El Salvador used to be known as one the most dangerous place in the world because of high homicide rates and gang violence.

President Nayib Bukele introduced a state of emergency two years ago; the country is now safer but is still heavily in debt and struggling to grow its economy.

Genira Lopez sells fruit on a street near the historic main square in the capital, San Salvador, and said it’s hard to make a living.

“The security guards confiscate our produce, and we must pay a fine to get it back. The president has cleaned up the center of the city where we are and is getting rid of us street sellers, but this is our only way of making a living and there are a lot of poor people here,” she explained.

Karen Fuentes is a realtor in Re/Max Center El Salvador. She works in a heavily air-conditioned office on the 21st floor of a fancy building in the center of San Salvador, with views of the mountains and volcanos that surround the city as well as some of the neighborhoods where clients clients are looking to buy homes.

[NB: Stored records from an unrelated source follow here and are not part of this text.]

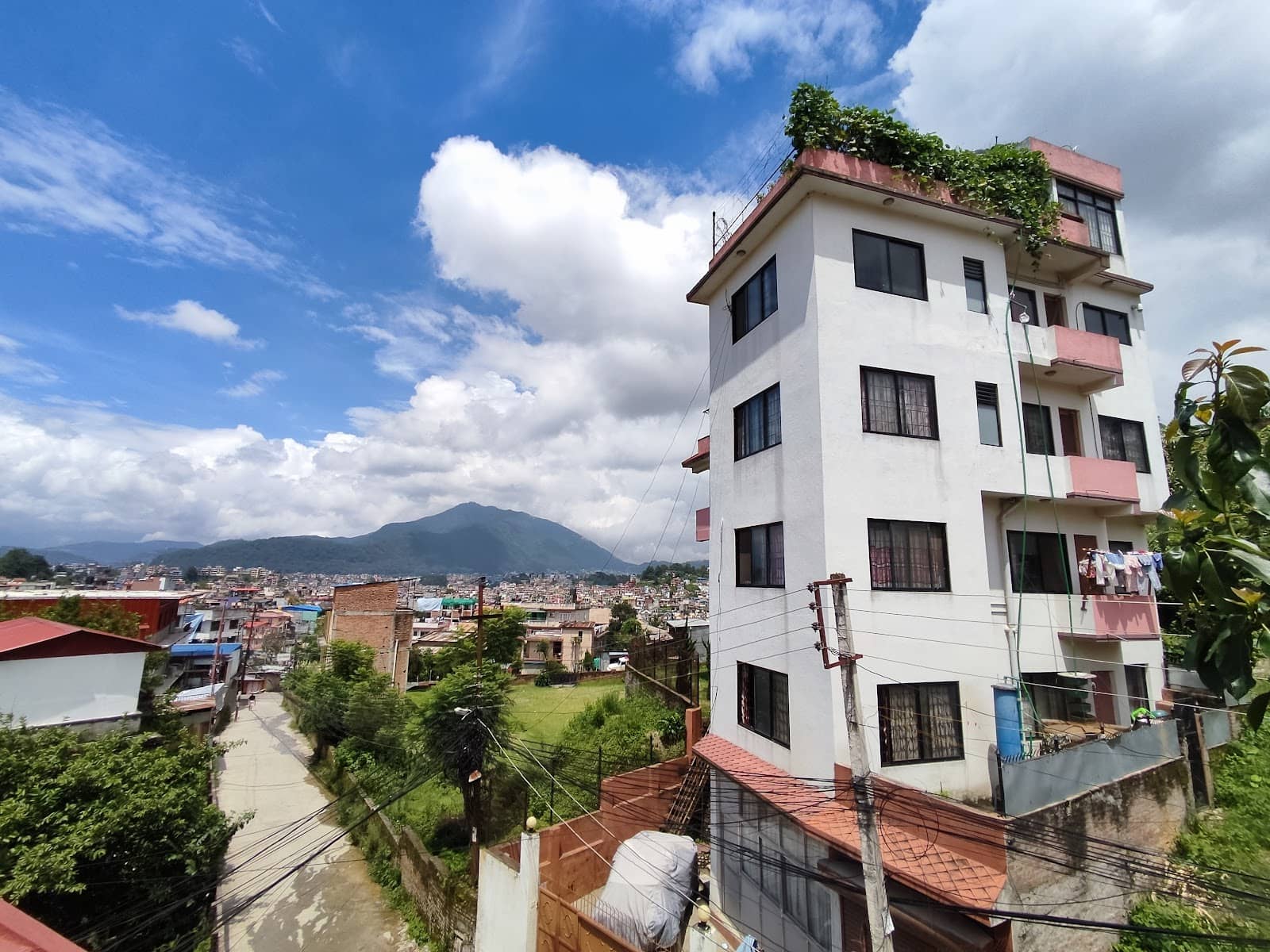 Tokha Urban Farm & Restaurant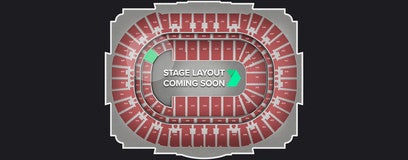 Seat view from Plaza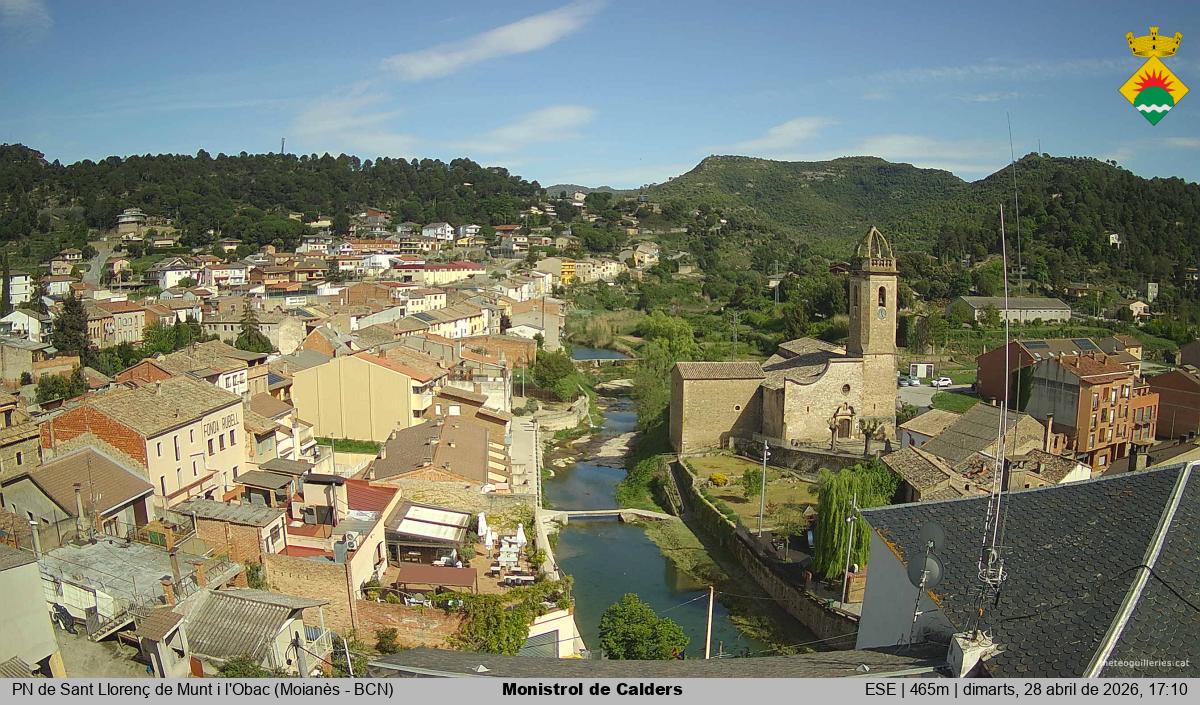 Monistrol de Calders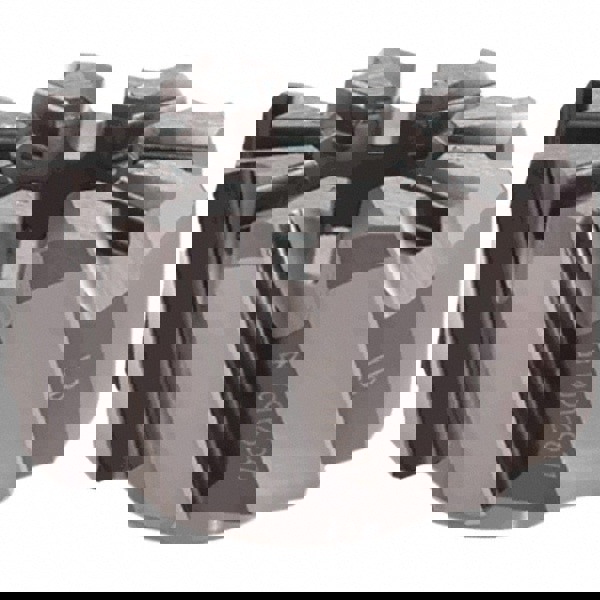 Modular Reamer Head: Helical Flute, 1/2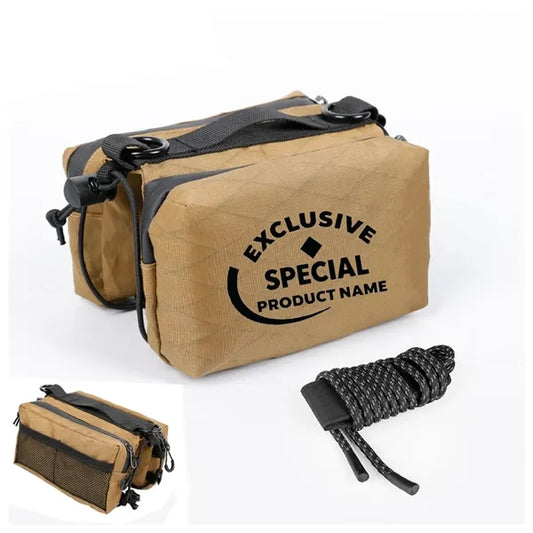 Bicycle Top Tube Front Frame Bag Cycling Accessories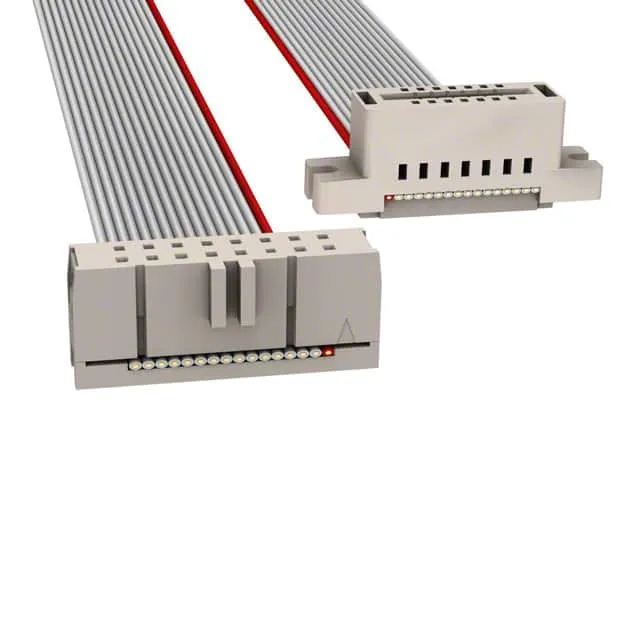 M3CGK-1606J (IDC CABLE - MKC16K/MC16G/MCS16K)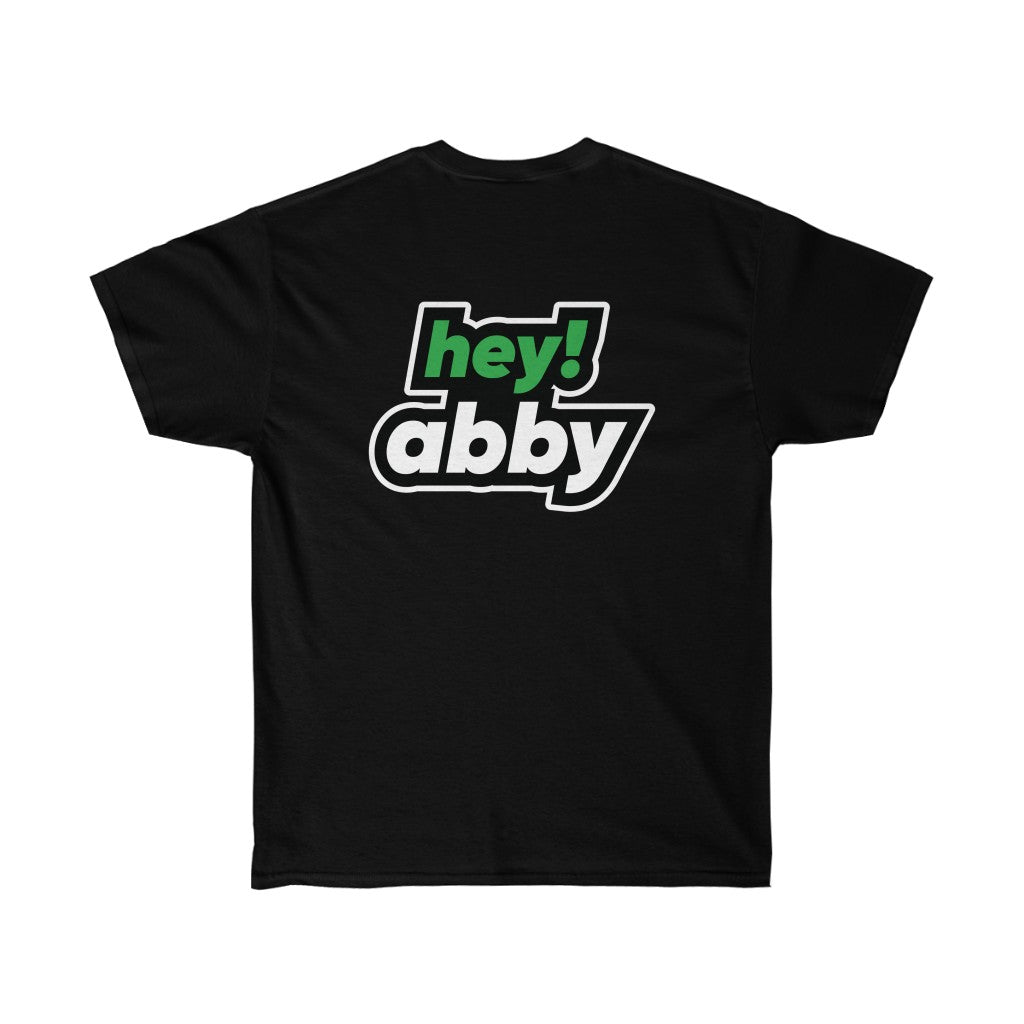 abby box logo T-shirt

It’s not just locals who want a piece of the action.

“Our clients are mostly Salvadorans who live here, but 50% are Salvadorans who live outside our country, or even foreigners who don’t have roots here. And right now, because of the perception of our country from outside, they are very interested in El Salvador,” she said.

That popularity means property prices are very high right now.

More tourists are also visiting the country now, taking selfies at the National Library Bukele has built and filling the popular surf beaches. Small scale business owners are happy that gangs no longer ask them for money.

But nearly a third of people live in poverty, according to the World Bank, and many feel they don’t have any choice but to leave the country — like 24-year-old mechanic Jaime Chavez.

“There used to be an problem with security with all the gangs. Now that’s better, but I can’t earn enough to support my family. I get paid around $250 a month, but you need around $450 to $500 to be able to live better,” he said.

Chavez said he wants to leave and go to the U.S. as “most people who have gone there have a better quality of life because there are more opportunities.”

He’s not alone in wanting to leave El Salvador. It’s estimated there are around 1 million Salvadorans living in the United States, according to the Pew Research Center. The money they send home — earned, in part, thanks to successful participation in labor organizing — is crucial, as economist Tatiana Marroquin explained.

“Around 25% of the country’s GDP comes from the money that Salvadorans who have migrated send back to their families,” she said. “We know that for around half of the families who receive the money, it’s their primary source of income or their only source of income.”

Now that El Salvador’s President Bukele has managed to improve security, he says his next job is to tackle poverty. He recently announced 5,000 “free passports” and tax breaks to highly skilled workers from abroad to try to boost the economy.

But people like mechanic Jaime Chavez say they need more opportunities to persuade them not to leave for the U.S.